**Data:**
++++++++
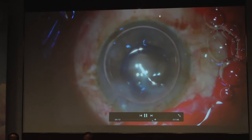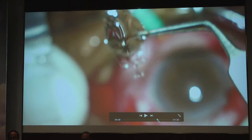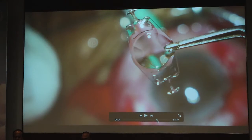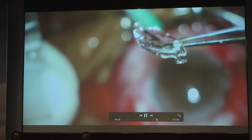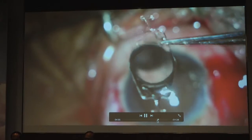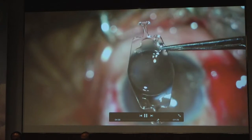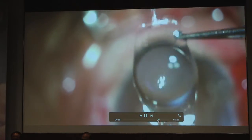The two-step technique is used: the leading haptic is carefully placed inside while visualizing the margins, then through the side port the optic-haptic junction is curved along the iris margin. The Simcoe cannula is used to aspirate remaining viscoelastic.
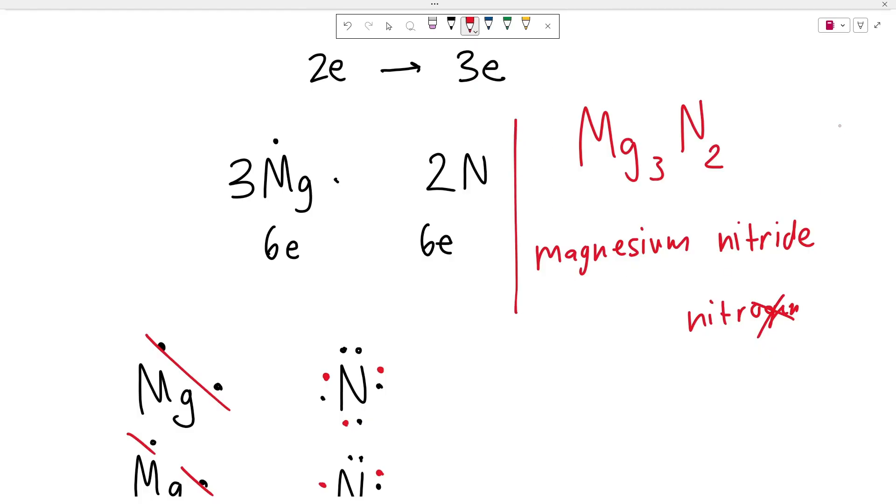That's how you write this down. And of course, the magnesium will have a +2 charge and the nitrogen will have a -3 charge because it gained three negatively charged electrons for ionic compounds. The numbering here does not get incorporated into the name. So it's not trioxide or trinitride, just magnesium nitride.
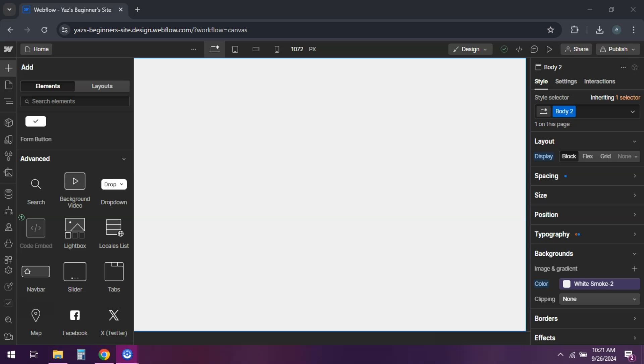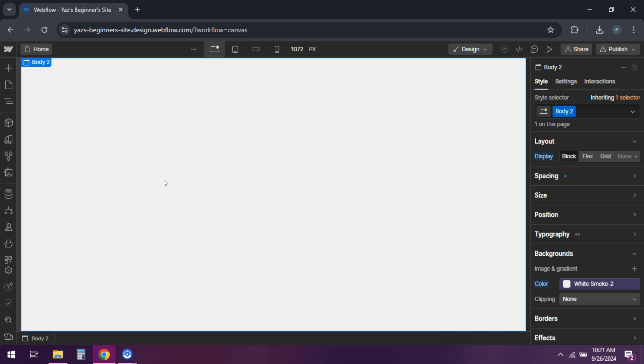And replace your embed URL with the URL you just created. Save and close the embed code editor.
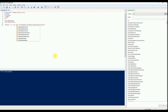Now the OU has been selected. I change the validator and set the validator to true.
++++++++
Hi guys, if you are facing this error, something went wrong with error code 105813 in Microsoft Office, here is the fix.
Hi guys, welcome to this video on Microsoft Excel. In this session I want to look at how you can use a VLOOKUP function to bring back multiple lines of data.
++++++++
**Exercise prompt:** Return each line of the material in which the string "Microsoft" can be found.

**Solution for this task:**
Hi guys, if you are facing this error, something went wrong with error code 105813 in Microsoft Office, here is the fix.
Hi guys, welcome to this video on Microsoft Excel. In this session I want to look at how you can use a VLOOKUP function to bring back multiple lines of data.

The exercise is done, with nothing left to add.